Duram to spend year at university in Ireland

by Andrea Hahn

CARBONDALE, Ill. -- Leslie Duram, chair of the Department of Geography and Environmental Resources at Southern Illinois University Carbondale, is crossing an ocean to promote local foods.

Duram received a Fulbright Scholar Award from the J. William Fulbright Foreign Scholarship Board and the Irish Fulbright Committee. She will spend a sabbatical year at the National University of Ireland, Galway.

Duram chose Galway, a county in the west of Ireland, partly because that university’s Department of Geography has a strong focus on agricultural and rural research. Duram is a specialist in organic food production and rural land use, and a proponent of local foods. While in Ireland, she will work with the Irish Centre for Rural Transformation and Sustainability and the Environmental Research Institute at the university, as well as with the Organics Research Unit of Teagasc.

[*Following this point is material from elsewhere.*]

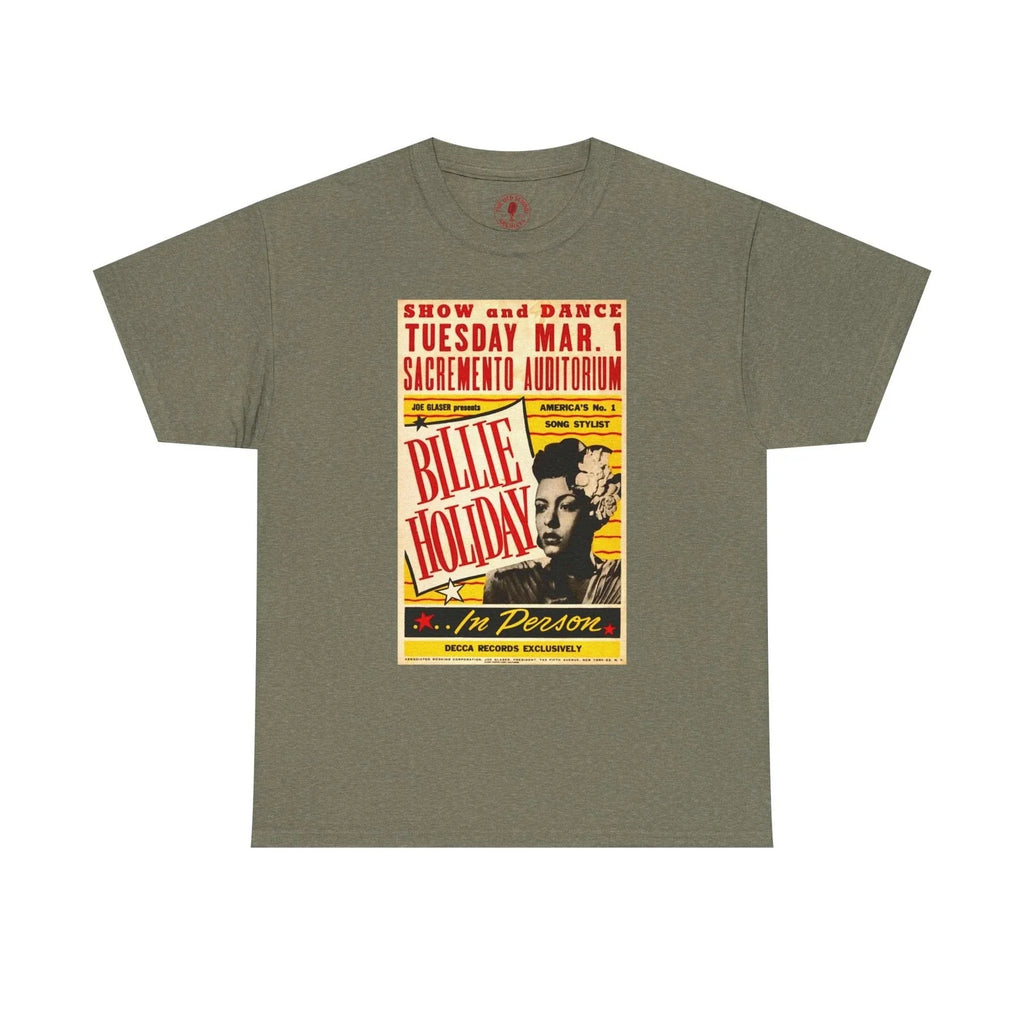 Retro Throwback Concert Poster Tee T Shirt: Billie Holiday JAZZ NWT S-5XL Unisex T-shirt, Sweatshirt, Hoodie, Long Sleeve Tee - T-Shirt, Sweatshirt, Hoodie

Duram and her family, including her husband and two children, leave for Ireland in August. They will remain there until the end of July 2010. Duram stressed that the visit, intended to promote scholarly research, is also very much a cultural exchange

“In the Fulbright program, you are an ambassador for the United States,” she said. She noted that Fulbright Scholars are expected to participate in a broad range of social and community activities while in their host country, and that learning about the history and culture of that country is essential.

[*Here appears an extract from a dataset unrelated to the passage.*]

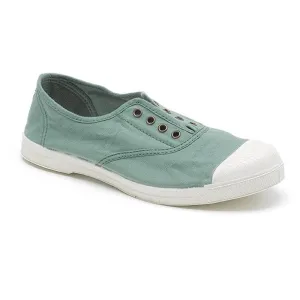 Sage Cotton Slip On Plimsolls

To get a head start on that part of the mission, Duram and her family are studying the Irish language with Alanna Ní Mhíocháin, a Fulbright Foreign Language Teaching Assistant Program student studying at SIUC for the 2008-2009 academic year. Though learning Irish is not a requirement, Duram noted that County Galway is home to a relatively large Irish-speaking population. She said that learning Irish will help with some of the more difficult pronunciations -- besides providing a fun and challenging way to prepare for her visit.

In Ireland, Duram will collaborate with Mary Cawley, a faculty member in the Department of Geography at NUI-Galway. Cawley’s expertise, like Duram’s, includes rural land use, as well as rural economy and rural tourism. Duram said agri-tourism will be part of her focus while in Ireland.

“They have a lot of dairy and specialty products there,” she said, noting that county of origin is already an important marketing tool in Ireland. “And in the agri-tourism, people come to Ireland for the Irish countryside experience.”

Duram is the author of “Good Growing: Why Organic Farming Works,” published in 2005. She is the editor of the forthcoming “Encyclopedia of Organic, Sustainable and Local Food.” To complete this project, Duram gathered 85 authors to write 165 terms pertaining to organic foods. Greenwood Press will release the book later this year.

Duram is a Wichita, Kan., native. She completed her undergraduate studies at Wichita State University and Kansas State University, earning her doctoral degree at the University of Colorado.